National Review Online
Monday, October 13, 2025
Barbarism didn’t win.
For more than two years, Hamas clung to the people it had
taken hostage and brutalized as leverage over Israel in the war that the terror
group initiated on October 7, 2023 — men, women, and children, Israelis and
foreign nationals, Jews and non-Jews alike.
Through ephemeral deals and in daring raids, some were
liberated. Too many, though, were killed or languished in Gaza’s dungeons
during the war that followed. Throughout the conflict, the Israeli government
maintained that the war would end when the hostages were released. Today, the hostages who were not murdered in
Hamas’s captivity are home, and the war for their freedom is over.
Those in the West who raged at the sight of posters
featuring the captives’ faces didn’t want to believe it. They told themselves
that Israel invited the atrocities to which its civilians were subjected and
that its government sought to engineer a genocide of the Palestinian people.
They tore up and defaced the images that confronted them with the gravity of
their moral inversion. Their credulity and cowardice stand in stark relief
against the moral clarity that undergirded today’s triumph.
Israeli military and intelligence services displayed incredible
acumen throughout the war against the terrorist groups that surround Israel and
the rogue states that sponsor them. And President Trump and his deputies
contributed mightily to this civilizational achievement. Their
clear-sightedness and diplomatic creativity delivered a result that means Trump
certainly deserves the Nobel Peace Prize, whether he ever gets it or not.
Their elementary theory of the case — defeat Israel’s
enemies first and make peace with them second — eluded far too many over the
course of the war that Hamas started on 10/7. But it did not elude the
president. “When others were weak, you were strong,” Prime Minister Benjamin Netanyahu told Trump in a
historic and raucous speech before the Israeli Knesset. “When others were
fearful, you were bold. When others abandoned us, you stood by our side.”

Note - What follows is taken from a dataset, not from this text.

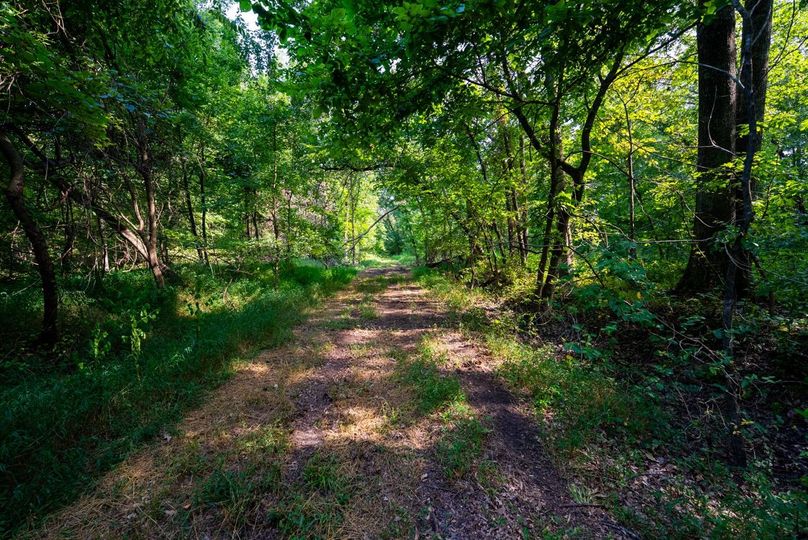 Copy of DSC06206 Large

Far too many can count themselves among the fearful,
weak, and vacillating. Governments in London, Paris, Madrid, Ottawa, Canberra,
and elsewhere lent credence to the lies promulgated by Israel’s pathological
opponents. They convinced themselves they could supplicate their way to a
resolution of the ancient enmities that sparked this conflict. As they applaud
a victory to which they did not contribute, perhaps they might feel a fleeting
sense of shame for their conduct? If the past is any guide, they will persist
in their errors beginning tomorrow.
It would be foolish to presume that Israel’s troubles are
behind it. Fanatics in the region and in the West will never accept the Jewish
state’s existence. And Israel fell short of some of its war aims. Hamas, while
defeated, was not destroyed. Phase 2 of the Gaza deal will, of course, be much
harder to implement. The terror group will presumably rebrand as it attempts to
rearm and mete out terrible violence against the Gazan people in the effort to
cling to power. Already, dozens are reported dead amid clashes between Hamas
and its rivals in Gaza City.
It and its terrorist allies in the region could one day
again threaten the Israeli people. The Islamic Republic of Iran, too, is
battered and bruised, but it persists. Tehran is ideologically wedded to its
existential war with Zionism. There will not be peace in the region until that
commitment and the regime dedicated to it are gone.
But there are vistas of hope, too. The process of
diplomatic normalization between Israel and its Muslim neighbors that Hamas
hoped to end is set to continue. Indeed, we now know that Israel’s Arab
counterparts deepened their security cooperation with Jerusalem even as
they criticized its defensive war. As Israel emerges from the longest war in
its history as the dominant military and intelligence power in the region, it’s
possible for that covert coordination to become overt, for military relations
to become commercial ties, and for, one hopes, a prosperous covenant to emerge.
None of that would be possible in the absence of Israel’s
military victory. The force that it brought to bear in this conflict — and
Trump’s strike on Iran — changed the facts on the ground in ways that
rudderless diplomatic processes never could. There is hope today for a brighter
future in the Middle East as a direct result of Jerusalem’s refusal to accept
the logic of terrorism and hostage-taking and Donald Trump’s unwavering support
for that endeavor. The civilized world owes them both a profound debt.